The Overnight Thinker: Why I Built a "Slow" AI to Do My Homework

Let me start with a confession: I have been in software for almost 20 years.

Naturally, when people tell me, "Just use a No-Code automation tool—it's easy!" I try. I really do. I looked at the big players like Make.com. Click here, drag this box, connect that bubble. Done. And objectively? It's powerful. But for me, something felt... off.

Maybe it's a "20 years in the trenches" problem, but I don't just want things to run. I want to understand how they think.

The Bottleneck (Me)

At the AI Bridge Foundation, everything depends on the "Mental Load." Researching grants, finding news for the Venture Studio, coming up with scenarios for the Challenge Lab—it was mostly me. And that doesn't scale. Not if we're serious about keeping up with how fast AI moves.

I had a very specific vision. I didn't want "automation" in the sense of a mindless robot spitting out 50 useless titles. I wanted to wake up and see that something had been thinking while I was asleep.

I wanted an AI that does its homework.

The Raspberry Pi Rebellion

I set out to build a system that thinks deeply, reviews its own work, and—most importantly—doesn't send me a surprise $500 cloud bill in the morning.

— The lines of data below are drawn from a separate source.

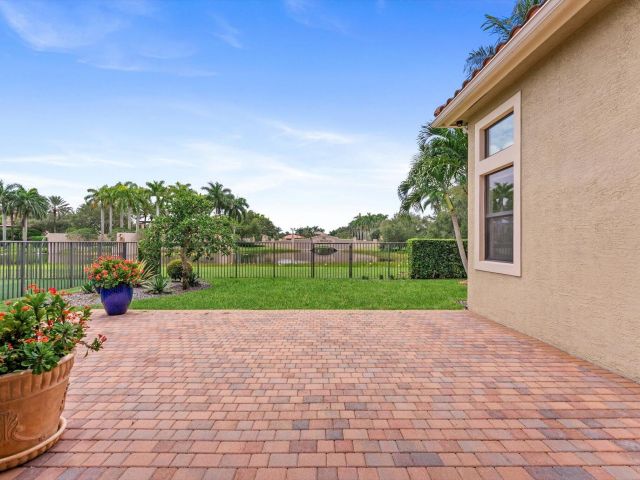 3-bedroom home for sale in Delray Beach - 8986 Little Falls Way - MondialRealty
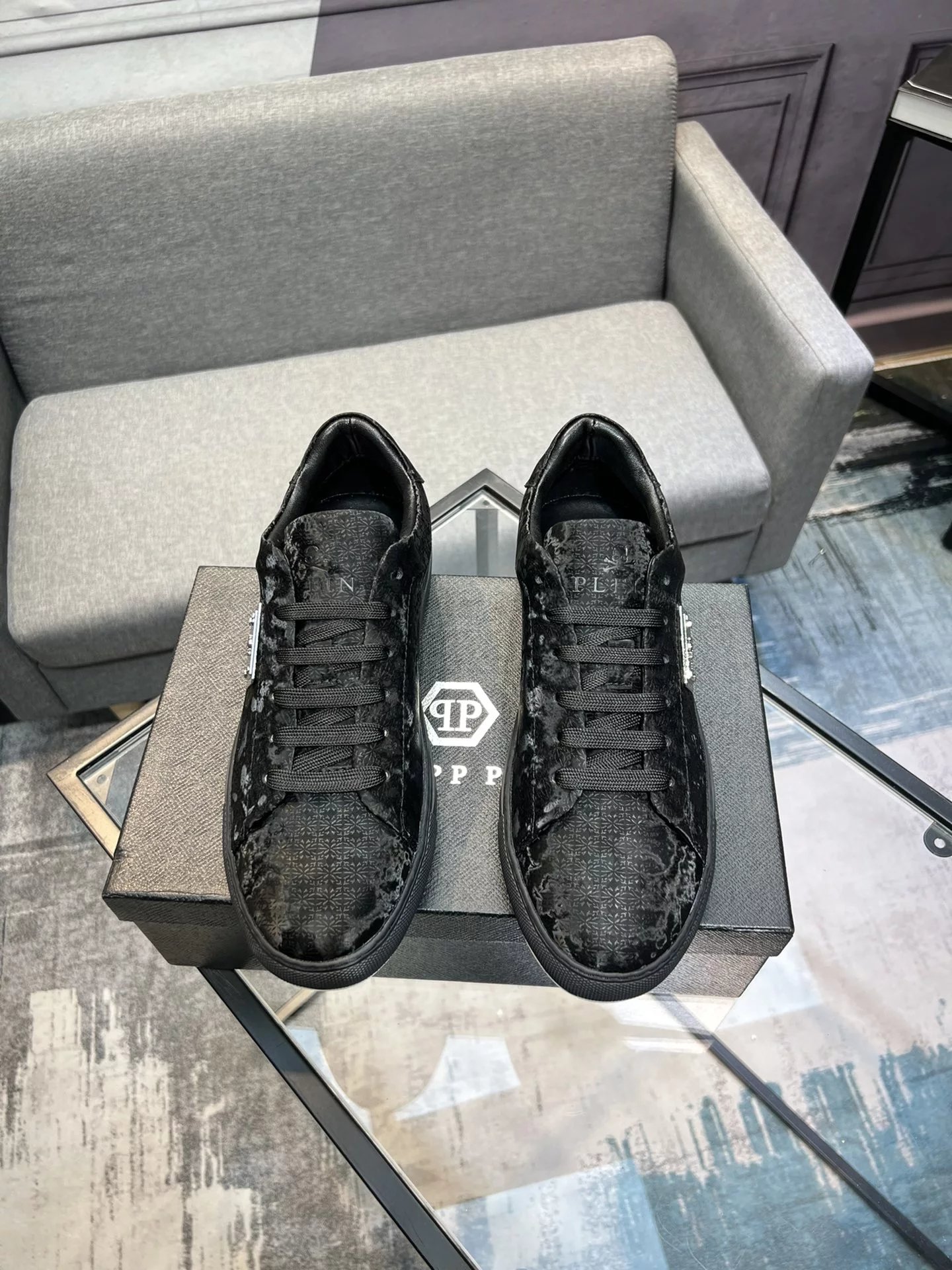 33 Black 005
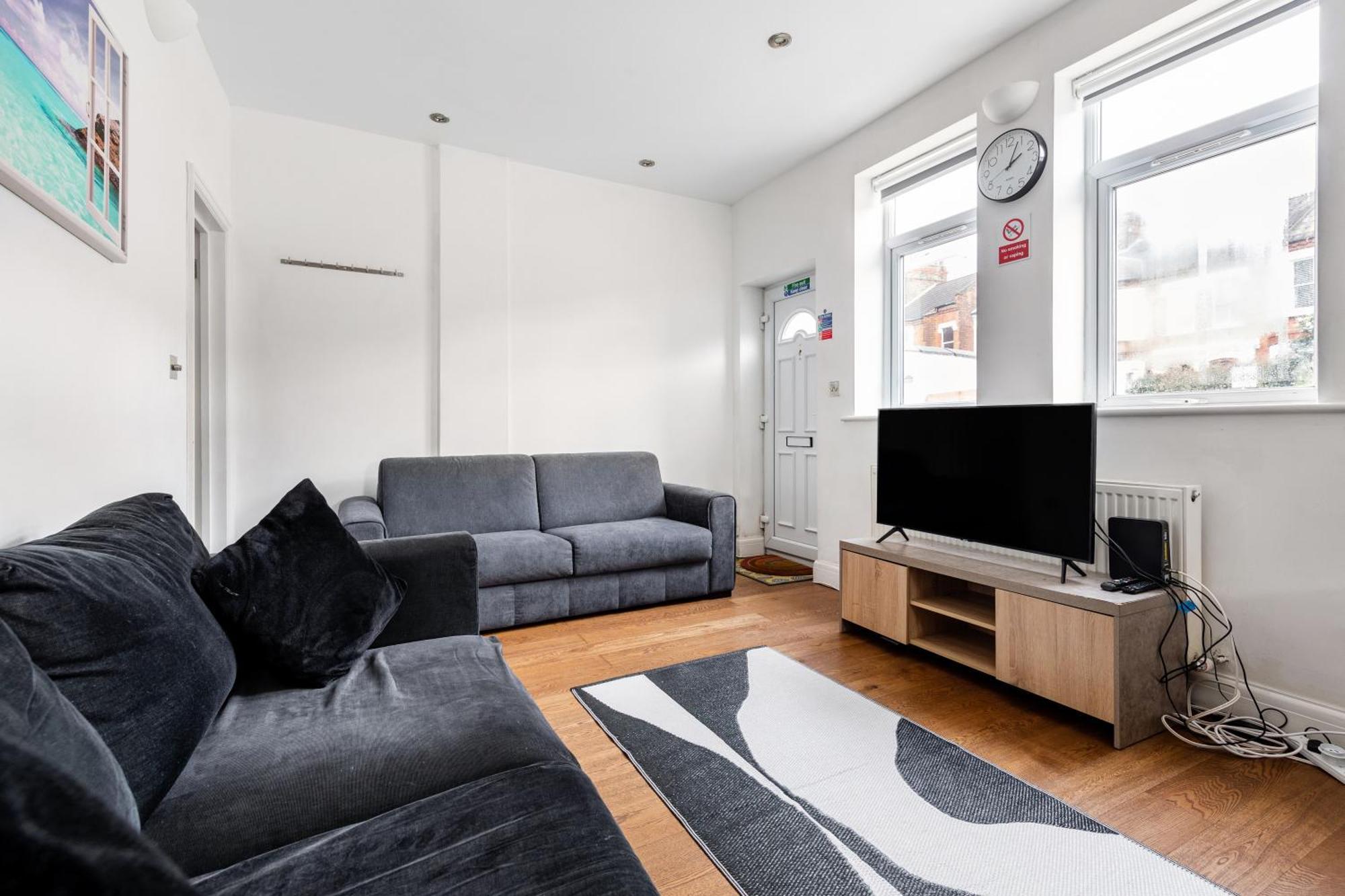 Appartement Spacious 2 Bed 2 Bath With Free Parking For 2 Cars And Underground Station Zone 2 For Quick Access To Up To 10 Guests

Naturally, I made things harder for myself. Instead of using massive, expensive cloud servers, I started running Gemma on a Raspberry Pi. Yes, a computer the size of a deck of cards. It's not fast. It's not fancy. It's definitely not "impressive" on a corporate slide deck.

Every night, while the world is quiet, this tiny machine goes to work:

It pulls in the latest AI news.

It reads the articles.

It tries to connect the dots.

It generates topics... then reviews them... then refines them.

Over and over again.

Is it fast? No. It's painfully slow. But here's the beauty of it: I'm asleep. I don't care if it takes six hours to produce five ideas, as long as those five ideas actually matter.

The First Morning It Worked

I still remember waking up, making coffee, and opening my laptop fully expecting the usual disaster—garbled text, half-finished thoughts, maybe just an error log staring back at me. Instead, there were four topic ideas sitting in a neat little file. One of them had connected a federal AI literacy grant to our GED program. I'd been looking at both of those things for weeks and never made that connection myself.

It wasn't magic. It was just a tiny machine that had the patience to read thirty articles while I was dreaming about who-knows-what, and quietly asked itself, "What do these have in common?" That's the thing about slow thinking—it catches what fast skimming misses.

I sat there with my coffee getting cold, scrolling through its notes, and thought: "Okay. This weird little experiment might actually be onto something."

Quality Over Noise

In the morning, I don't get a list of 100 generic "Top 10 AI Trends" posts. I get maybe three or four ideas that are grounded in reality. They are filtered through our specific lens: How does this help an underserved community? We aren't just generating content; we're translating. We're taking the high-speed noise of the AI world and turning it into something that says: "Hey—this actually matters to you. Here's why."

Without that filter, AI output is just noise with better grammar. With it, even a tiny model on a tiny computer can surprise you—because it knows what it's looking for.

The Question Everyone Asks

"Why not just use the cloud?"

Fair. Cloud APIs are faster, smarter, and infinitely more capable. I could call a frontier model and get better raw output in seconds. But that misses the point of what we're trying to do here.

If we tell people in underserved communities that AI is for them too, but then our entire operation runs on infrastructure they could never afford—what are we really saying? The Raspberry Pi isn't just a cost-saving measure. It's a statement. It says: this can be done with what you have. If a computer the size of a deck of cards can do overnight research, imagine what someone with a used laptop and a free weekend could build.

The Stubborn Assistant

We're still tweaking the prompts. We're still adjusting the logic. Sometimes I still think, "I could have just used a click-and-drag tool and been done months ago."

But then I look at what this slow, stubborn little machine produces. It doesn't just dump output and move on; it revisits its own thoughts. It refuses to be shallow.

And honestly? That feels a lot closer to what we actually need. If we're serious about helping people learn how to think, build, and grow, then the goal isn't "More content, faster."

The goal is better thinking—even when we aren't awake.